Yahoo has even more security problems than you thought. The company has discovered a new breach dating back to August 2013, which exposed names, emails, and hashed passwords for more than a billion users. The discovery was announced in a post today by CISO Bob Lord, who attributed it to “an unauthorized third party.” Payment information was not involved, and the breach is believed to be entirely distinct from the Yahoo breach announced in September.
The passwords involved were hashed using the MD5 algorithm, which was already easily crackable in 2013. As a result, it’s likely that any dedicated criminals were able to work back to the underlying passwords.
At the same time, Yahoo has also detected significant new incursions against the service’s cookie system, which is used to identify logged-in users. According to Lord’s report, a separate group of attackers gained access to Yahoo’s proprietary source code, and used that code to forge cookies that would falsely identify them as logged in. The result was an end run around the security system overall. That effort is believed to be linked to the September breach, which was attributed to a state-sponsored group.

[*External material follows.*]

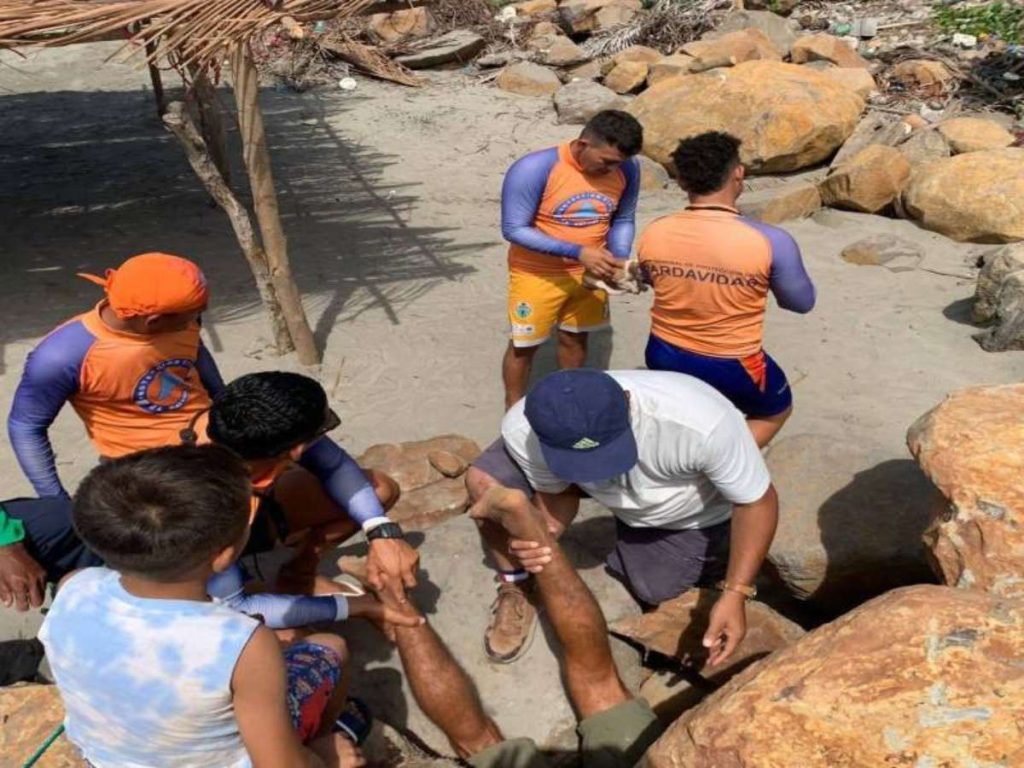 El rescate de los perros requirió maniobras cuidadosas debido al difícil acceso entre las formaciones rocosas cercanas al mar en Usulután.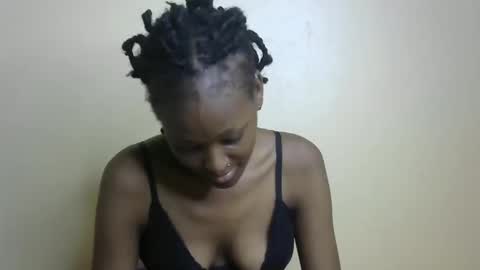 Snapshot of sexxy_bum23 chatting on 02-11-25, 06:22 sexxy bum online show from 02-11-25, 06:22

The overall result is a major embarrassment for Yahoo, coming at a sensitive time for the company’s pending $4.8 billion deal with Verizon. Verizon expressed hesitation after the September breach announcement, and today’s news is likely to deepen those concerns even further.
“As we’ve said all along, we will evaluate the situation as Yahoo continues its investigation,” Verizon said in a statement. “We will review the impact of this new development before reaching any final conclusions.”